# Data Integration & Preprocessing for Customer Satisfaction Analysis

This notebook is part of a larger project exploring customer satisfaction in Brazilian e-commerce using the [Olist dataset](https://www.kaggle.com/datasets/olistbr/brazilian-ecommerce).  
It builds on the cleaned datasets prepared in the previous notebook by joining them into a single analytical table, performing additional data cleaning, and engineering features to support the upcoming analysis.


**Goals of this notebook:**

- Join the cleaned tables into a consolidated dataset at the order level  
- Clean and standardize the merged dataset (e.g., data types, missing values)  
- Create new features to capture relevant aspects of orders, products, payments etc.
- Export the final dataset for analysis

**This notebook is preceded and followed by:**

- [Data Cleaning Notebook](./01_data_cleaning.ipynb): loads and prepares the individual raw datasets for integration  
- [Exploratory Analysis Notebook](./03_customer-satisfaction-analysis.ipynb): investigates customer satisfaction patterns and key influencing factors
---

In [None]:
import duckdb

## **Data Integration**

### Load Cleaned CSV Files into DuckDB Tables

In [None]:
# Load Cleaned CSV Files into DuckDB Tables

# Path to the folder containing cleaned CSV files
data_path = "..data/cleaned"

# Connect to an in-memory DuckDB database
con = duckdb.connect(database=":memory:")

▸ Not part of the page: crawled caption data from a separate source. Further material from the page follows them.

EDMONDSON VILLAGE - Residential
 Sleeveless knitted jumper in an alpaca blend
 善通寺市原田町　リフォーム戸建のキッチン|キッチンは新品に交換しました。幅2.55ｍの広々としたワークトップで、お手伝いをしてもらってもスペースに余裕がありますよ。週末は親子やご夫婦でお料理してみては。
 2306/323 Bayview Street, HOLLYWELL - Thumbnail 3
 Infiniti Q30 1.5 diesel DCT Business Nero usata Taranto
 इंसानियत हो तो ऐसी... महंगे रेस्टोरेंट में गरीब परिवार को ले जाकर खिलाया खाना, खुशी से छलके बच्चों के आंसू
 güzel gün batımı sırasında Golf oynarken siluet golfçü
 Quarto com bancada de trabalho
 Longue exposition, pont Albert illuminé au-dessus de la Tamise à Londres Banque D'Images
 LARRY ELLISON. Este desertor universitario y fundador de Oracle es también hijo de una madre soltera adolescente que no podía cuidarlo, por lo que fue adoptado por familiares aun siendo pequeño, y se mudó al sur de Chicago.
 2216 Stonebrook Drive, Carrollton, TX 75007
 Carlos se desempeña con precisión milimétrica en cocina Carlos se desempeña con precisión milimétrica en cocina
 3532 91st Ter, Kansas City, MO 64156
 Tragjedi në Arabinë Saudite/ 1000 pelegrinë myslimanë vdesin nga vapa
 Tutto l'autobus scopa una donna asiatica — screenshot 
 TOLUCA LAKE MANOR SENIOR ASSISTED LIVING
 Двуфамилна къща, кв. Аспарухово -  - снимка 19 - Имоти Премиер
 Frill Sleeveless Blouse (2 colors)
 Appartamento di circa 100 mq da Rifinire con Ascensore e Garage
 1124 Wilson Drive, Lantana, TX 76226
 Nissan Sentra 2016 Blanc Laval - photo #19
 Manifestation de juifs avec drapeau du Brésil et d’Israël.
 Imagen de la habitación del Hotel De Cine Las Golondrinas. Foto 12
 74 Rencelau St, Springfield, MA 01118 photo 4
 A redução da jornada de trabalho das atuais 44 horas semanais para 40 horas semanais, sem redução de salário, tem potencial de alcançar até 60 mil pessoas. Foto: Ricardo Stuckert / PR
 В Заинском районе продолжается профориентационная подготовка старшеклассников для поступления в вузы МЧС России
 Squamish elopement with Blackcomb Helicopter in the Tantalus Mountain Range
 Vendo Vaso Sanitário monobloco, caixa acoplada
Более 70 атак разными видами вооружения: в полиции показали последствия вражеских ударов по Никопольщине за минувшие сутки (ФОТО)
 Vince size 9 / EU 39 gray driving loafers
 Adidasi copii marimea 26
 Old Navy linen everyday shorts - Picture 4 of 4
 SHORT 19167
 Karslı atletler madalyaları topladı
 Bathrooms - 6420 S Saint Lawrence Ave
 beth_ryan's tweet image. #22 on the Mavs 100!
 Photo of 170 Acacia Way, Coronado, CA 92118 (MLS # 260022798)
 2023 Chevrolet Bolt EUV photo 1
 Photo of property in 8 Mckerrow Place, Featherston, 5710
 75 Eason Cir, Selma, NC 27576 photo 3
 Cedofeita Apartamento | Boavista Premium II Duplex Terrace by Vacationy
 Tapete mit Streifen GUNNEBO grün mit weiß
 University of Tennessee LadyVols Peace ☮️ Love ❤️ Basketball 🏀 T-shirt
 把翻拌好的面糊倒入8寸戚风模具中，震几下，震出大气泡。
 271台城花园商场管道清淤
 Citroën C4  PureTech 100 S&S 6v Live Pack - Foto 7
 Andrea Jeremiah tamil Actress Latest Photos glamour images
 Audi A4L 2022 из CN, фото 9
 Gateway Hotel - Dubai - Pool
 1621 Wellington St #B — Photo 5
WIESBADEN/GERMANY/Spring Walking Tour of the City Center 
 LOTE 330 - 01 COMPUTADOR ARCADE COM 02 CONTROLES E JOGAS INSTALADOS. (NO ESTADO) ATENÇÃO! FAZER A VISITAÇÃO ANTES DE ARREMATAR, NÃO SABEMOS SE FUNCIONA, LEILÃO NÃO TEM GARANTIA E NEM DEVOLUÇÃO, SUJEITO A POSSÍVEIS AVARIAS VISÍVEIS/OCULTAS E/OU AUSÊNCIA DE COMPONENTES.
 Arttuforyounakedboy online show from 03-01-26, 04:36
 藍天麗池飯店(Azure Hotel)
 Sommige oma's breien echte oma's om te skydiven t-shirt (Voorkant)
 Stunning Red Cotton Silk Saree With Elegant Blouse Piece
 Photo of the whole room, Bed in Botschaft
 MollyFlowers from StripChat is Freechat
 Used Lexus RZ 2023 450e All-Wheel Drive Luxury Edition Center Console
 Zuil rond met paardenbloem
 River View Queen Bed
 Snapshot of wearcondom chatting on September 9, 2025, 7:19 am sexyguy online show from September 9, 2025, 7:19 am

# Load each cleaned dataset into its own DuckDB table
con.execute(f"""
    CREATE TABLE customers AS 
    SELECT * FROM read_csv_auto('{data_path}/customers.csv');
""")

con.execute(f"""
    CREATE TABLE orders AS 
    SELECT * FROM read_csv_auto('{data_path}/orders.csv');
""")

con.execute(f"""
    CREATE TABLE items AS 
    SELECT * FROM read_csv_auto('{data_path}/items.csv');
""")

con.execute(f"""
    CREATE TABLE payments AS 
    SELECT * FROM read_csv_auto('{data_path}/payments.csv');
""")

con.execute(f"""
    CREATE TABLE reviews AS 
    SELECT * FROM read_csv_auto('{data_path}/reviews.csv');
""")

con.execute(f"""
    CREATE TABLE products AS 
    SELECT * FROM read_csv_auto('{data_path}/products.csv');
""")

con.execute(f"""
    CREATE TABLE sellers AS 
    SELECT * FROM read_csv_auto('{data_path}/sellers.csv');
""")